> **What you will do**:
Find the line that contains "3-Piece Velvet Sectional" in the entries below. Write out that line and all that follow it, unchanged and alone.
*** Data in this exercise ***
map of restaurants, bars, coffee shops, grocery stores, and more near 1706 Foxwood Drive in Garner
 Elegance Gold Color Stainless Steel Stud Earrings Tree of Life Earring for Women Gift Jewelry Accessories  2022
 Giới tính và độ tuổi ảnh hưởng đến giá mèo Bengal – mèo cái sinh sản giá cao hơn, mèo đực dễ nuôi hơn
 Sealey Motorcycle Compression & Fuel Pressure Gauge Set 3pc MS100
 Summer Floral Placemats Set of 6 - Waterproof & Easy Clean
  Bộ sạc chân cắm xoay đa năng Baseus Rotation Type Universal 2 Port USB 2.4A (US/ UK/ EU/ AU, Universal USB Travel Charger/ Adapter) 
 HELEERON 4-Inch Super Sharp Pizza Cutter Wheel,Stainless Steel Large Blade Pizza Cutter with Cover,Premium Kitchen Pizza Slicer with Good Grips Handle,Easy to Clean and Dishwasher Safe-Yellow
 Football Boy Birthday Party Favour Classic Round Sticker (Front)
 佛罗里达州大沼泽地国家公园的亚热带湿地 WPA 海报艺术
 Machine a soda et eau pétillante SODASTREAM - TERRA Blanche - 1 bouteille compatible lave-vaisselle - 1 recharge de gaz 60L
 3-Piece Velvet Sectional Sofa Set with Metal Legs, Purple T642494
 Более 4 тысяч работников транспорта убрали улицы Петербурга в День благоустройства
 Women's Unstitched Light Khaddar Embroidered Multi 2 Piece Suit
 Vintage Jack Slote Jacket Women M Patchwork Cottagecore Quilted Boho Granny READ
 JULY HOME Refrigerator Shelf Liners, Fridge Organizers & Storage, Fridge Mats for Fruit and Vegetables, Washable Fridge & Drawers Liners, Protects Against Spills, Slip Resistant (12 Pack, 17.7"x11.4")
*** End of Data in this exercise ***
> **Output of the exercise**:
 3-Piece Velvet Sectional Sofa Set with Metal Legs, Purple T642494
 Более 4 тысяч работников транспорта убрали улицы Петербурга в День благоустройства
 Women's Unstitched Light Khaddar Embroidered Multi 2 Piece Suit
 Vintage Jack Slote Jacket Women M Patchwork Cottagecore Quilted Boho Granny READ
 JULY HOME Refrigerator Shelf Liners, Fridge Organizers & Storage, Fridge Mats for Fruit and Vegetables, Washable Fridge & Drawers Liners, Protects Against Spills, Slip Resistant (12 Pack, 17.7"x11.4")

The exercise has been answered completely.